TASK DETAILS »
Every line of the material is to be transcribed verbatim, with images omitted.
### DATA SEGMENT ###
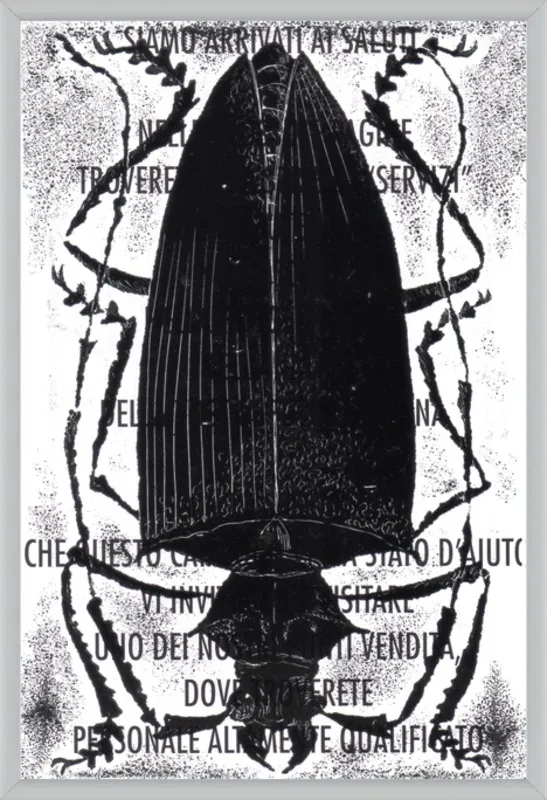 Black Beetle on Words by Tennopent Sooster for Artfully Walls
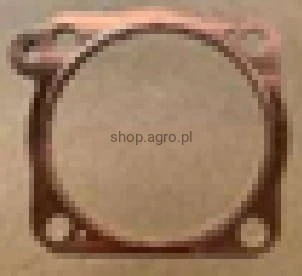 24331.jpg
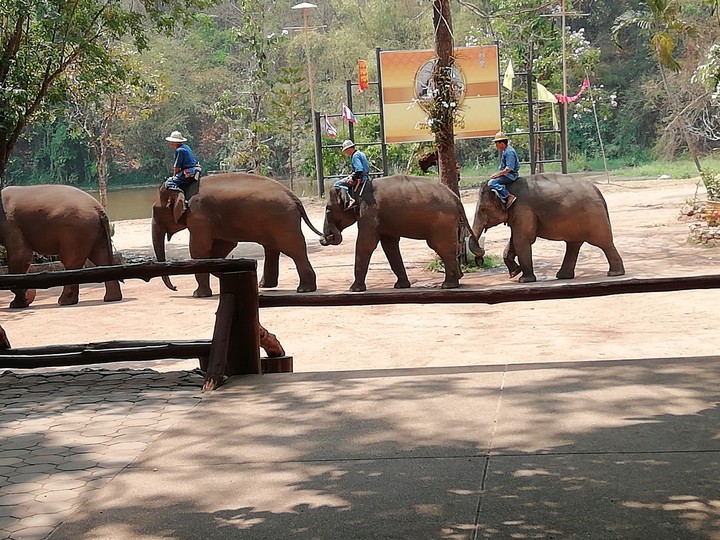 ช้าง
###
THE ANSWER »
 Black Beetle on Words by Tennopent Sooster for Artfully Walls
 24331.jpg
 ช้าง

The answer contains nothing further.